Ação de obrigação de fazer – Oficial registrário que nega averbação de alteração social de sociedade simples, consistente na mera mudança de endereço, fundamentando-se na regra do artigo 977 do Código Civil. Sociedade constituída antes do advento da Lei Federal nº 10.046/02. Aplicação da regra do artigo 5º, XXXVI, da Constituição Federal. A proibição contida na regra legal não atinge as sociedades entre cônjuges já constituídas ao tempo em que o Código Civil de 2002 entrou em vigor. Recurso provido. Sentença reformada. (TJSP – Apelação Cível nº 0001763-93.2011.8.26.0408 – Ourinhos – 7ª Câmara de Direito Público – Rel. Des. Luiz Sérgio Fernandes de Souza – DJ 15.06.2012)

ACÓRDÃO

Vistos, relatados e discutidos estes autos de Apelação nº 0001763-93.2011.8.26.0408, da Comarca de Ourinhos, em que é apelante VITAL CONTABILIDADE E AUDITORIA SOCIEDADE SIMPLES LTDA. Sendo apelado OFICIAL DE REGISTRO DE IMÓVEIS, TÍTULOS E DOCUMENTOS E CIVIL DE PESSOA JURÍDICA DE OURINHOS.

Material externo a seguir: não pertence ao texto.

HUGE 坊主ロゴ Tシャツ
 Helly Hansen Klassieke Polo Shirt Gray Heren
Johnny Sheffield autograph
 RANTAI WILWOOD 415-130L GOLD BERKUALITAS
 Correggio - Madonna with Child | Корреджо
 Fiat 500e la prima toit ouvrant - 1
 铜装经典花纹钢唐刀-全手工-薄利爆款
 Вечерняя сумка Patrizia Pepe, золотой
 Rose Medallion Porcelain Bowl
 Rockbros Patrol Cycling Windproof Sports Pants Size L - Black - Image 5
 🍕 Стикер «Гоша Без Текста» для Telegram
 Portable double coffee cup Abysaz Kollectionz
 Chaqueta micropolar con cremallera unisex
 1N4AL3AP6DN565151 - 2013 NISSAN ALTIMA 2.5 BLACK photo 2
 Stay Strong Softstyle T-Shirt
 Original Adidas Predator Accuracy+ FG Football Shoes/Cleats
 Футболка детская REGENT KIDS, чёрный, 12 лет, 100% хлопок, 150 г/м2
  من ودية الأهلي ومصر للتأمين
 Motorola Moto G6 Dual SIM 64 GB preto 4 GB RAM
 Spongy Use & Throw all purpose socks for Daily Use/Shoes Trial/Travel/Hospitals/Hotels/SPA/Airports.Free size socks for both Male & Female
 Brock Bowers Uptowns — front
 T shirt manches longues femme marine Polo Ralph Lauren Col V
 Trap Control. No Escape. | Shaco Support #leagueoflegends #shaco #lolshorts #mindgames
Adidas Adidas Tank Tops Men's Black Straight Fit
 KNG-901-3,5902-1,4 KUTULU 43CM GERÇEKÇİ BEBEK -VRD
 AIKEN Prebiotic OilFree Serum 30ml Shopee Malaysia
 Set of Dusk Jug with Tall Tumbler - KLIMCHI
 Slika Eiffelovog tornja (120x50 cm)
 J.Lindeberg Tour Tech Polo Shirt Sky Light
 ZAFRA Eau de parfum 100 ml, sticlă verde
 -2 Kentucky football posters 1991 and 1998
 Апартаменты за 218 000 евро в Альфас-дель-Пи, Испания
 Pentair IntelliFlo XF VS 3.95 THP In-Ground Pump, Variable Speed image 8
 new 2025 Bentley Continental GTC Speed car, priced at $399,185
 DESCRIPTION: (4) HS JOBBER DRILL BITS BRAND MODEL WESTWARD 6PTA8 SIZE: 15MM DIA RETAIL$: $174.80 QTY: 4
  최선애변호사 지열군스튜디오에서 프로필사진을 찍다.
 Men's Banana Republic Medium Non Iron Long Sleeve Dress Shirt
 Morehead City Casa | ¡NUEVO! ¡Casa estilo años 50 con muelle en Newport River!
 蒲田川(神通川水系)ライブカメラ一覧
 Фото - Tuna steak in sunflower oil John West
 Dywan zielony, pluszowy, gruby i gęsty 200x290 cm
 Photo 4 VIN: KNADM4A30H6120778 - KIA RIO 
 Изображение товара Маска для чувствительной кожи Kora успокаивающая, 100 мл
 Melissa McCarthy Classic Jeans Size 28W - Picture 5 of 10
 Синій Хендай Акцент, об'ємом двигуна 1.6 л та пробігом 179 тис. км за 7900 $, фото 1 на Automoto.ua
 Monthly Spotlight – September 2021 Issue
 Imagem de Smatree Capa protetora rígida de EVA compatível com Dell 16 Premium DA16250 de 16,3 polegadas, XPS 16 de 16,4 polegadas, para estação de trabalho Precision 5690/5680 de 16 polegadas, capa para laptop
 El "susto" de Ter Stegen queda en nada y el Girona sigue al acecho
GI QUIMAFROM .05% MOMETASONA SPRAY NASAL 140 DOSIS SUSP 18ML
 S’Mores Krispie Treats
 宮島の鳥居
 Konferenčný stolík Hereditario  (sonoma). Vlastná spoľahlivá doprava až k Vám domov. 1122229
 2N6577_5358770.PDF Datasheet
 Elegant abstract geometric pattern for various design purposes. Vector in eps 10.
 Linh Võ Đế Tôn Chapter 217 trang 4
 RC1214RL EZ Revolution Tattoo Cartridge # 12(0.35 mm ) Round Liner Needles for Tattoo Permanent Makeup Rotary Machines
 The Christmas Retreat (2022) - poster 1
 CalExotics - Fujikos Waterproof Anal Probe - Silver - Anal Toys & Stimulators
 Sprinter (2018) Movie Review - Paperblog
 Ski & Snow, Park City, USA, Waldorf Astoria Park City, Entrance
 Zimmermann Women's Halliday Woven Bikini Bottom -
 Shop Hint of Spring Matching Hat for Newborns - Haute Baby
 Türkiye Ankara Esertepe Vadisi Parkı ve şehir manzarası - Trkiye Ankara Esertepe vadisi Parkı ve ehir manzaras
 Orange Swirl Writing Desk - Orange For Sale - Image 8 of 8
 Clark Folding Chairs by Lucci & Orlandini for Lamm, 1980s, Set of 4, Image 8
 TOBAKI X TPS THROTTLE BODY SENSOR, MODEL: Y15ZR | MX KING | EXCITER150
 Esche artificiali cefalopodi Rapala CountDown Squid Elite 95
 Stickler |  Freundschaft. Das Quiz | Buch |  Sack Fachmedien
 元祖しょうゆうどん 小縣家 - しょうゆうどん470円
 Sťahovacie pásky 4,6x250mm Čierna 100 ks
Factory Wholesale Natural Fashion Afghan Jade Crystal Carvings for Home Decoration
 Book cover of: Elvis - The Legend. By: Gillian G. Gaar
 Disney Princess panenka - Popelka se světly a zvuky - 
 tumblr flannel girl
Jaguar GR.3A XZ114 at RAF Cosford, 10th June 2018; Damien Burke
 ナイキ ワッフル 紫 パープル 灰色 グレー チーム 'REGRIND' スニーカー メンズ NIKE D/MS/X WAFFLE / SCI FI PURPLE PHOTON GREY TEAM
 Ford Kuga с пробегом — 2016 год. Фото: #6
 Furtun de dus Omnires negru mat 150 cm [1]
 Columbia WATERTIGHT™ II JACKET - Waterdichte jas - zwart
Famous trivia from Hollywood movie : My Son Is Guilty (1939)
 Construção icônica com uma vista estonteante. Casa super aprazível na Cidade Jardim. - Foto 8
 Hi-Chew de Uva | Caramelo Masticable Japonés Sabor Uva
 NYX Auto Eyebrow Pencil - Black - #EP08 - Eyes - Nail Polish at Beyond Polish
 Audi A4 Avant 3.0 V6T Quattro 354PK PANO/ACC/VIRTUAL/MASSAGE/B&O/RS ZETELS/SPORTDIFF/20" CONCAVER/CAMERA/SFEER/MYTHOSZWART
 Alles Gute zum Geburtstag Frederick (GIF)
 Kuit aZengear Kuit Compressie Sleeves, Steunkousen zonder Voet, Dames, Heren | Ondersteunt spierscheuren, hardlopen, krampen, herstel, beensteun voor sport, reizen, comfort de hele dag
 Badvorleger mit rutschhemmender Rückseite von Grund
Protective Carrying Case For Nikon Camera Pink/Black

ACORDAM, em 7ª Câmara de Direito Público do Tribunal de Justiça de São Paulo, proferir a seguinte decisão: “Deram provimento ao recurso. V. U.”, de conformidade com o voto do Relator, que integra este acórdão.

O julgamento teve a participação dos Exmos. Desembargadores COIMBRA SCHMIDT (Presidente) e MOACIR PERES.

São Paulo, 4 de junho de 2012.

LUIZ SÉRGIO FERNANDES DE SOUZA – Relator.

RELATÓRIO

Vistos, etc.

A autora promoveu ação de obrigação de fazer em face do Oficial de Registro de Imóveis, Títulos e Documentos e Civil de Pessoas Jurídicas de Ourinhos para constituí-lo na obrigação de averbar a 4ª alteração social daquela sociedade simples, independentemente das exigências que figuraram na nota de devolução expedida pelo titular da serventia ou de qualquer outra que interfira com a questão do cumprimento da norma do artigo 977 do Código Civil vigente, regra legal esta que entende inaplicável à espécie, diante do princípio constitucional da irretroatividade da lei, retroação esta que não pode interferir com ato jurídico perfeito, tampouco com direito adquirido.

A r. sentença, invocando a norma do artigo 2.031 do Código Civil, julgou improcedente a ação, condenando a autora ao pagamento de custas, despesas processuais e honorários advocatícios, estes fixados em R$ 550,00.

Apela a autora sustentando os mesmos argumentos da inicial, ao que seguiram contrarrazões, oportunidade na qual o requerido também renovou os argumentos antes apresentados.

É o relatório.

VOTO

A r. sentença, com a devida vênia, comporta reforma, porquanto a lei não pode retroagir para alcançar situação constituída no passado, sobretudo quando impõe restrições que ao tempo da lei anterior inexistiam.

É o que se retira da regra do artigo 5º, XXXVI, da Constituição Federal, havendo de se consignar que a irretroatividade é a regra, abrindo-se a exceção apenas quando configurada não estiver ofensa a direito adquirido e ao ato jurídico perfeito.

Não por outra razão, a doutrina entende que “A proibição de sociedade entre pessoas casadas sob regime da comunhão universal ou da separação obrigatória só atinge as sociedades constituídas após a vigência do Código Civil de 2002” (Maria Helena Diniz, Código Civil Anotado, 12ª ed, SP, Saraiva, 2006, p. 767, citando o Enunciado nº 204 do Conselho da Justiça Federal, aprovado na III Jornada de Direito Civil).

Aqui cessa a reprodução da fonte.